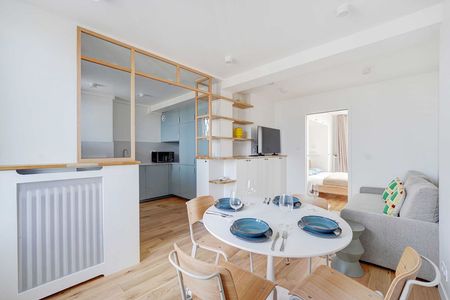 Place Etienne Pernet - Photo 2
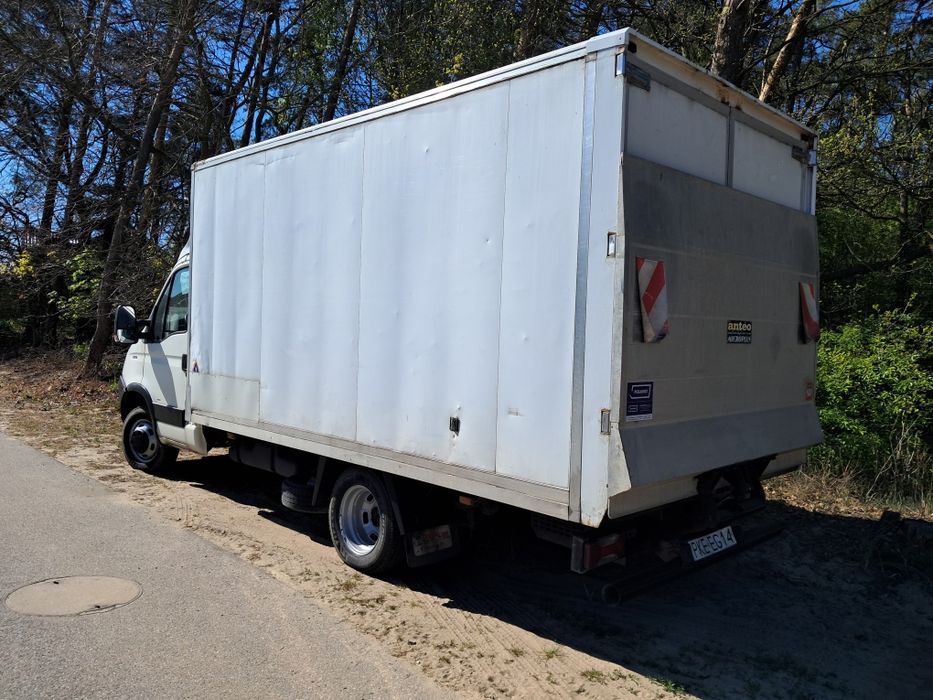 Do wynajęcia bus Iveco Daily + winda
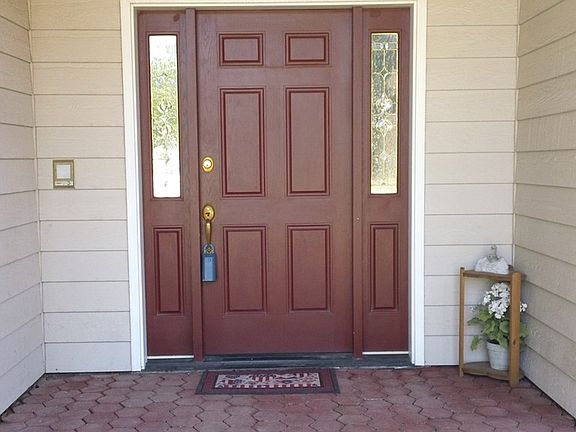 3rd image of 1318 Bryant Ave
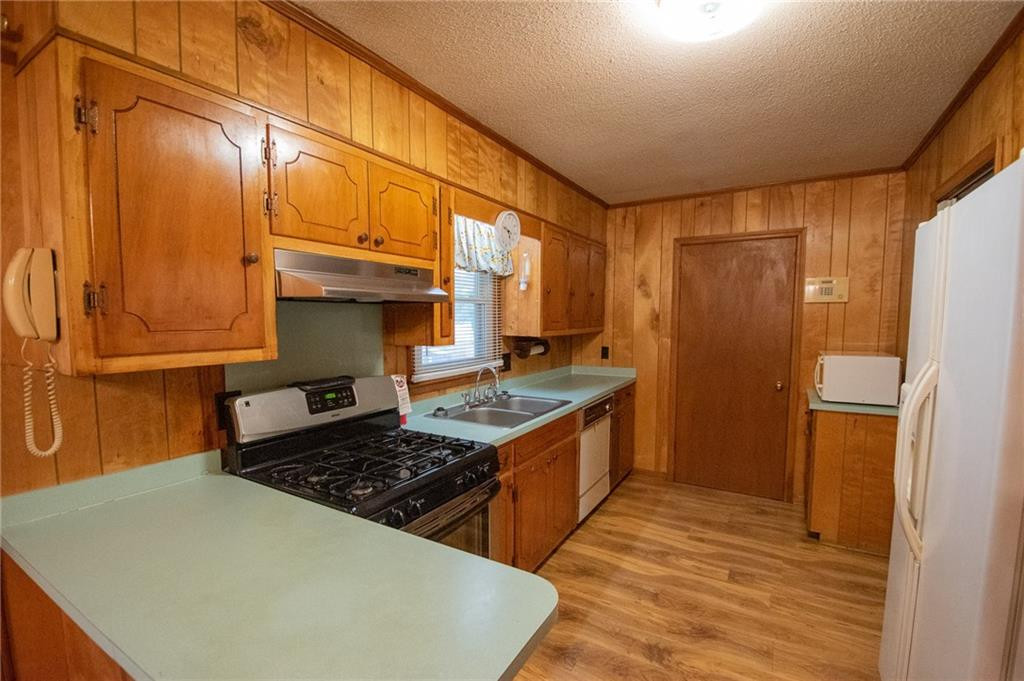 374 Trollingwood Road Haw River, NC 27258 - Photo 7 of 35 Gallery Image 7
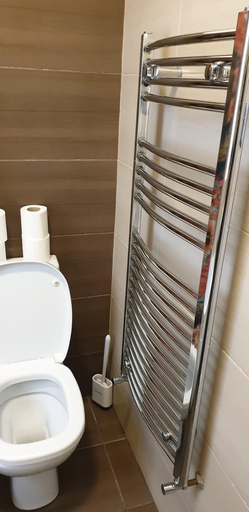 Bathroom, Stunning 6-bed House in London, London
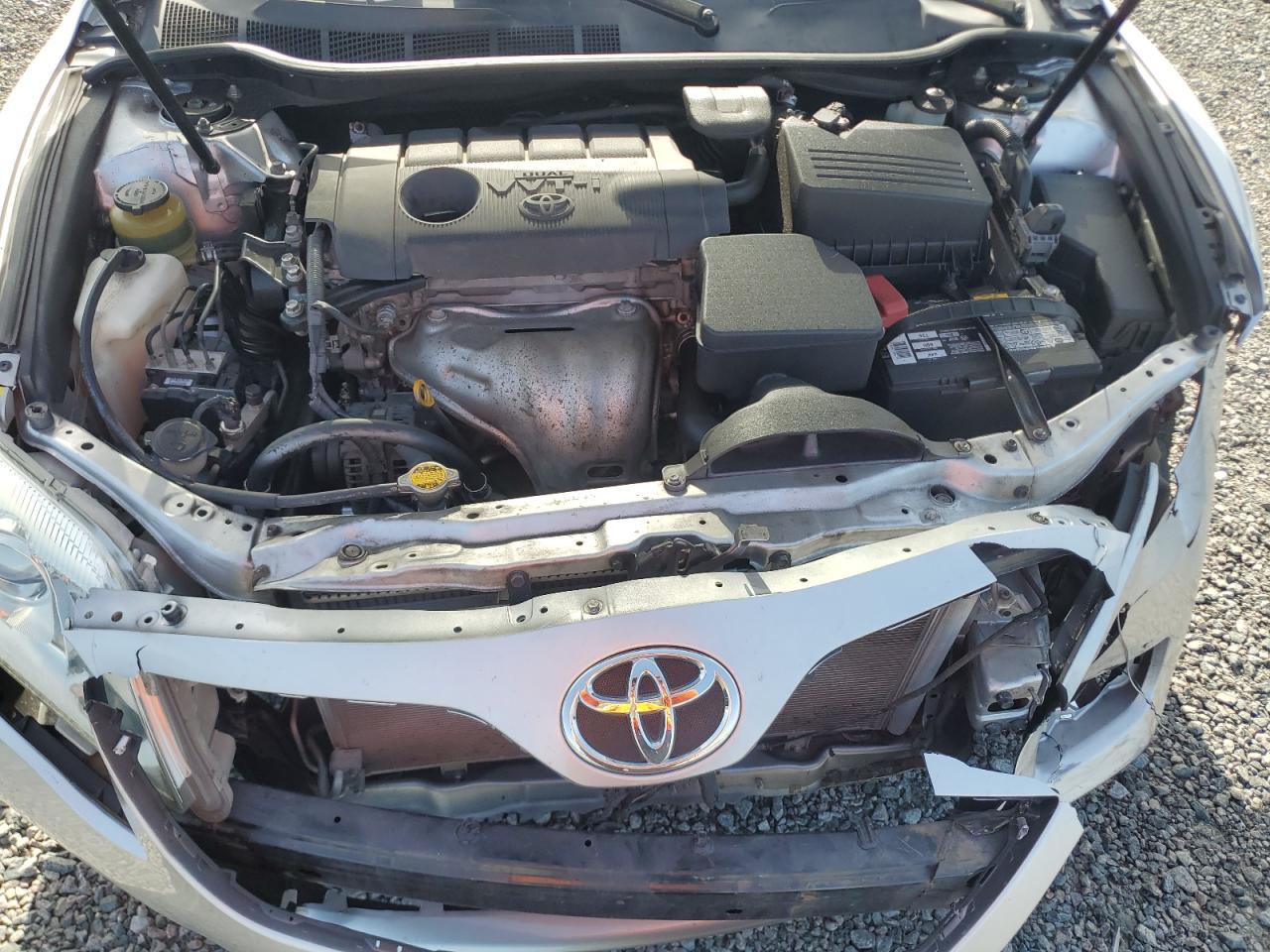 2011 Toyota Camry Le Серебряный vin: 4T1BF3EK5BU683677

-------

▶ PROBLEM DETAILS: Write out the entries again, word for word. No images.

▶ WRITTEN SOLUTION:
 Place Etienne Pernet - Photo 2
 Do wynajęcia bus Iveco Daily + winda
 3rd image of 1318 Bryant Ave
 374 Trollingwood Road Haw River, NC 27258 - Photo 7 of 35 Gallery Image 7
 Bathroom, Stunning 6-bed House in London, London
 2011 Toyota Camry Le Серебряный vin: 4T1BF3EK5BU683677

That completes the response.